Таким образом, в архаической крестьянской деревянной резьбе Русского Севера, как и в ткачестве, вышивке, кружеве этого региона, в огромном количестве сохранились до конца XIX – начала XX вв. древ­нейшие орнаментальные схемы, общие какдля восточнославянских, так и для индоиранских народов. Использование этих орнаментальных сим­волов в одном и том же качестве – оберегов и знаков сакрального начала как восточнославянскими так и индоиранскими народами вплоть до порубежья века нынешнего и века минувшего, свидетельствует об исключительном значении данных орнаментов в древности и о том, что создавались они, вероятнее всего, на основании одной и той же мифо­логической основы, у этнически единой группы племен, впоследствии распавшихся, разошедшихся и потерявших связь между собой.

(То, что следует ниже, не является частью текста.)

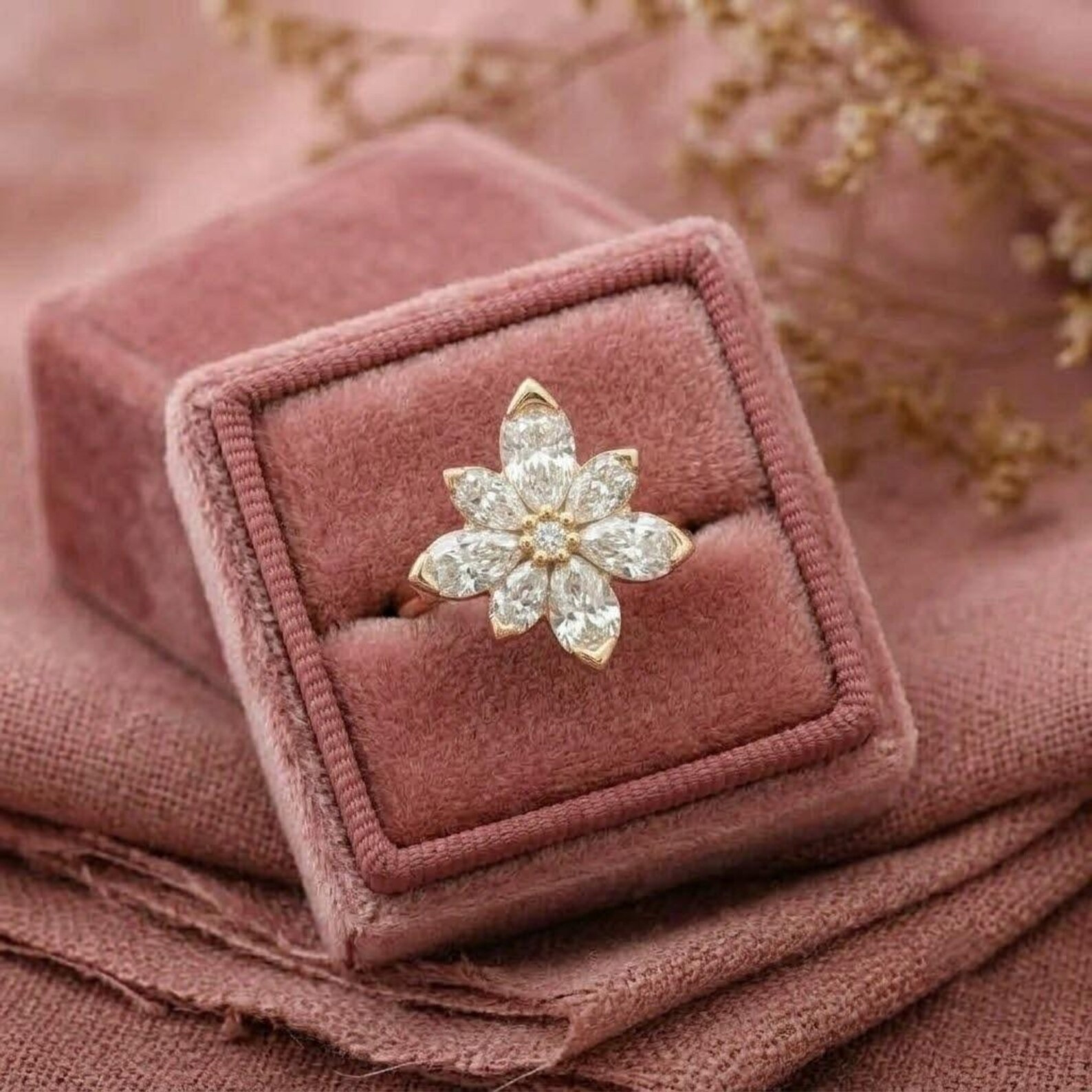 Flower Moissanite Engagement Ring, Unique Nature Inspired Bridal Ring, Pear Cut Moissanite Ring, 14K Rose Gold Ring, Dainty Moissanite Ring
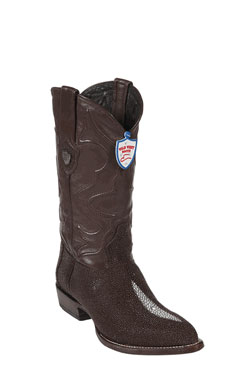 Wild West J-Toe Brown Single Stone Cowboy Boots 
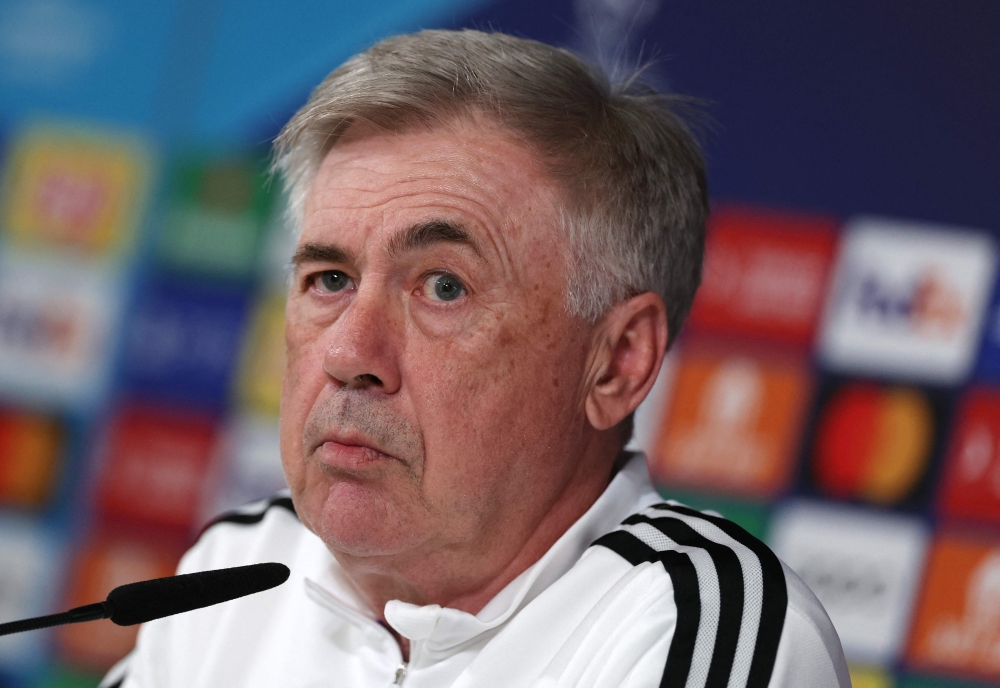 Real Madrid's Italian coach Carlo Ancelotti holds a press conference at the Ciudad Real Madrid training complex in Valdebebas, outskirts of Madrid on March 14, 2023, on the eve of the UEFA Champions League last 16 second leg football match between Real Madrid CF and Liverpool FC. Photo by PIERRE-PHILIPPE MARCOU / AFP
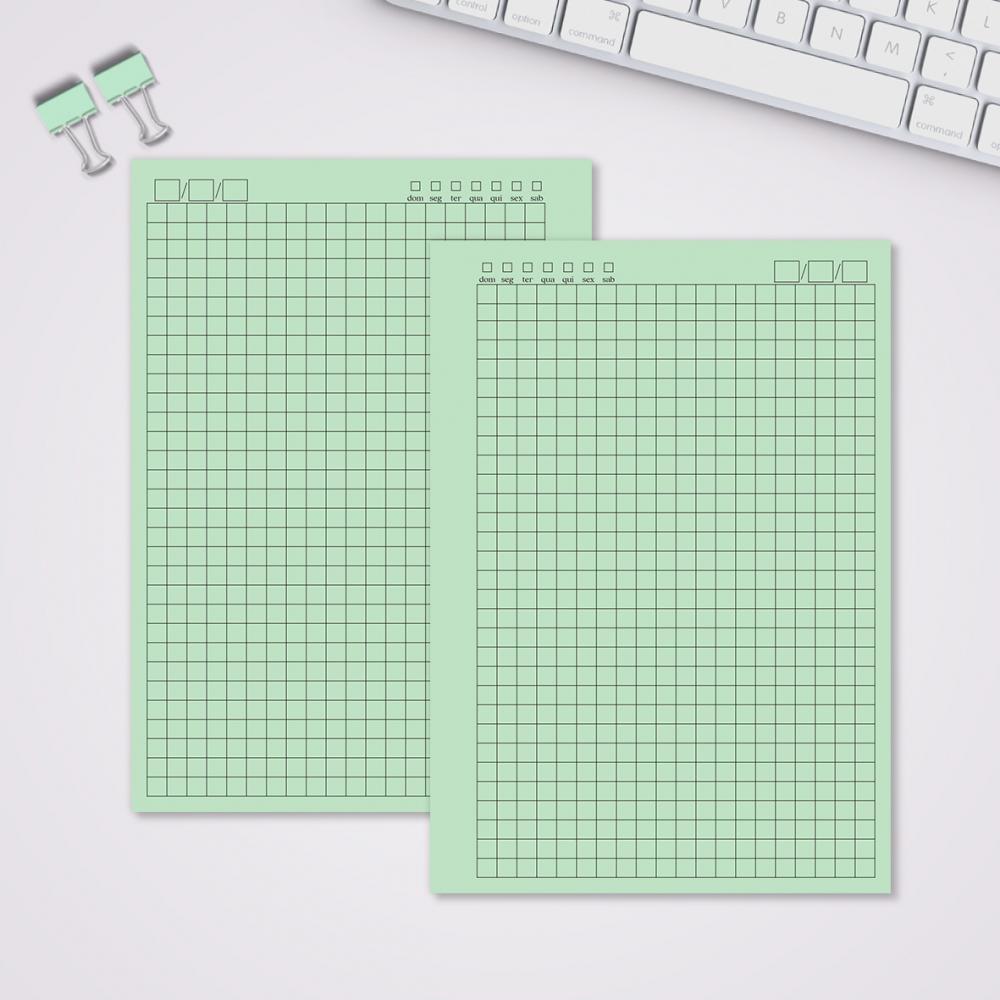 Miolo Caderno A5 Quadriculado | 100 Folhas - Verde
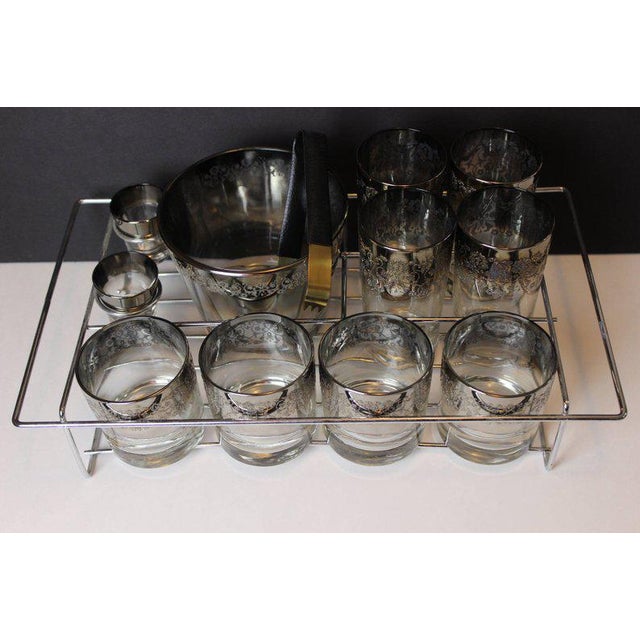 1950s Mid Century Silver Fade Glasses With Silver Metal Filigree Overlay, in Chrome Carrier - 13 Pieces For Sale - Image 5 of 11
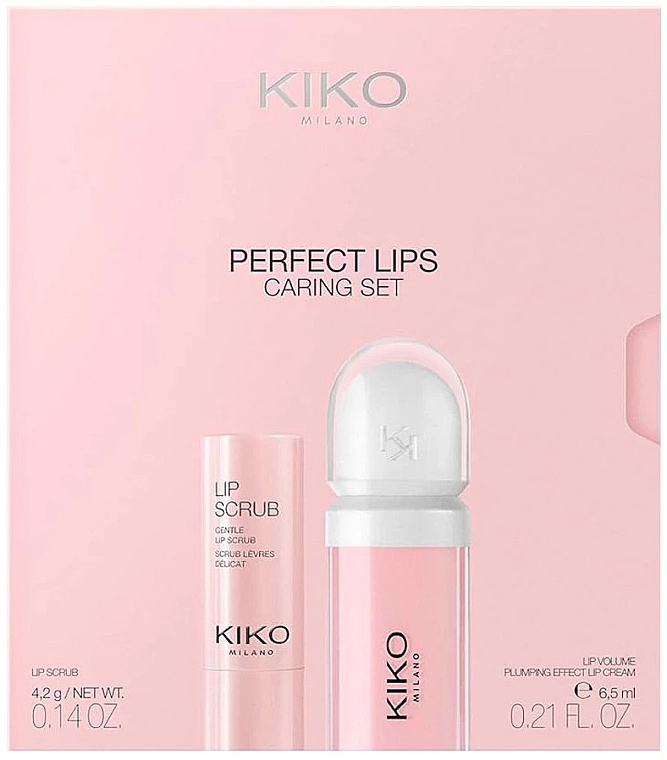 Набір - Kiko Milano Perfect Lips Caring Set (lip/gloss/6.5ml + lip/scrub/4.2g) — фото N1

Но един­ство орнаментальных комплексов, которые обычно неповторимы и про­должают хранить древние традиции, свидетельствуют о древней общ­ности этих народов.

Об особой значимости трехгранно-выемчатой резьбы, как свое­образного этнического определителя и индикатора этно-миграционных процессов, свидетельствует то, что этот вид резьбы, широко распрост­раненный у скандинавов, балтов и восточных славян, живущих в бога­тых лесом районах, столь же щироко распространен и в Средней Азии, отнюдь не богатой лесом, но у народов, этногенез клоторых связан с индоиранскими племенами эпохи бронзы и раннего железа, продвинув­шимися в этот регион с территории Восточной Европы.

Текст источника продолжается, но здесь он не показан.